Moreover, a full recovery of GDP per capita over the next few years remains difficult for many developing countries. The analysis predicts that Africa, Latin America and the Caribbean will have 5.5% and 4.2% deviations from pre-pandemic projections, respectively.
These sustainable output gaps will exacerbate poverty and inequality and slow the progress of sustainable development and the fight against climate change.
In contrast, per capita GDP in advanced economies is expected to recover almost completely by 2023 compared to pre-pandemic projections.
As a long-term result of the pandemic, higher levels of inequality within and between countries have emerged. In particular, the Covid-19 crisis exacerbates gender inequality, especially in developing countries where women’s employment and labor market participation are significantly reduced.
Support for unpaid domestic work, including childcare, will continue to be an important factor in helping women re-enter the labor market.
WFP / Sayed Asif Mahmud
Outlook for changing macroeconomic policies
The limited financial space and financial constraints faced by many developing countries continue to limit the government’s ability to make pandemic-related spending, including immunization, social protection, health care, and increased employment support. increase.
At the same time, central banks have begun to withdraw economic intervention in the face of crisis against the backdrop of rising inflationary pressures. Although necessary, the rapid withdrawal of monetary stimulus can jeopardize a fragile recovery.

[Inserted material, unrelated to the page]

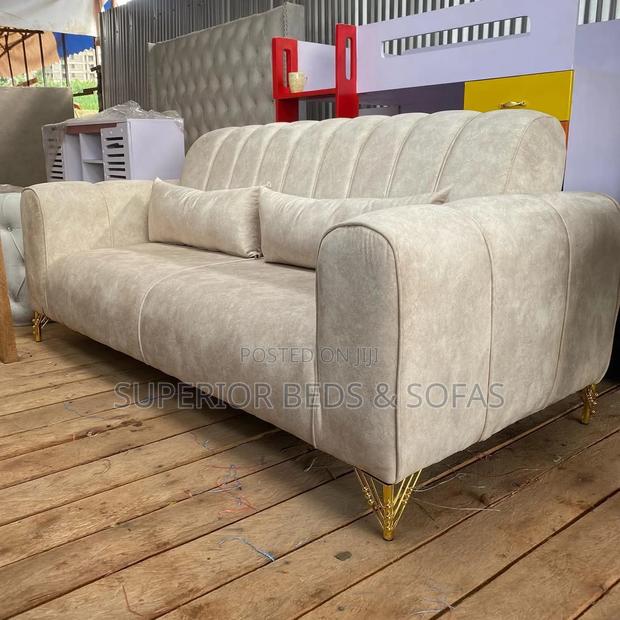 Cream Ribbed Back Sofa - main view
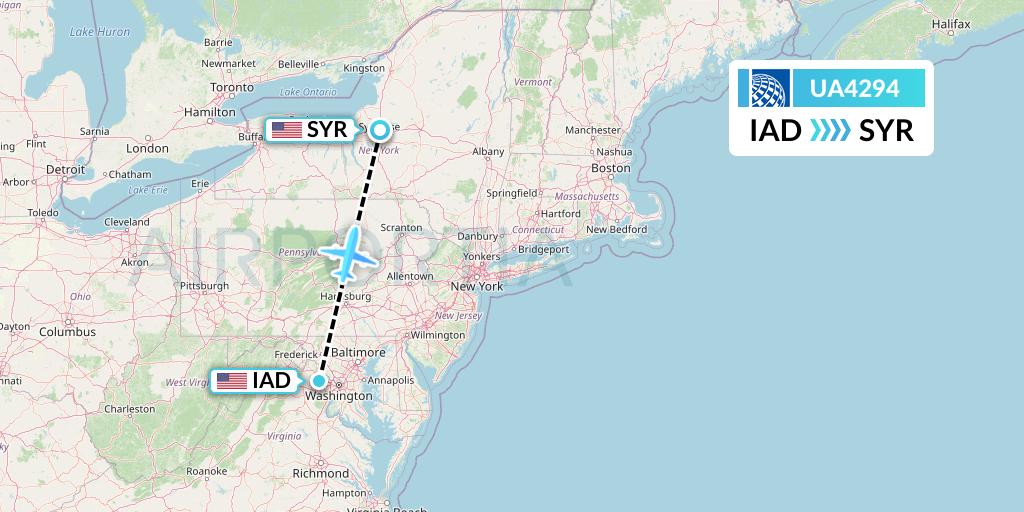UA4294 United Airlines Flight Map: Washington to Syracuse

The asset purchase program helped deal with financial difficulties and help recover in the event of a crisis. However, they also increase global financial fragility and deepen economic inequality.
Fiscal and debt conditions are particularly difficult for many low-income developing countries. Many people are on the verge of a debt crisis due to unsustainable external debt burdens, additional borrowing during pandemics, and rising debt repayment costs.
“Financial authorities in developed countries purchase assets and balance them to maintain fiscal stability, keep public debt repayment costs low, ensure debt sustainability and avoid premature fiscal consolidation. We need to accelerate and phase out seat reductions, “said Hamid Rashid, Global Economic Oversight and Lead Author of the Report.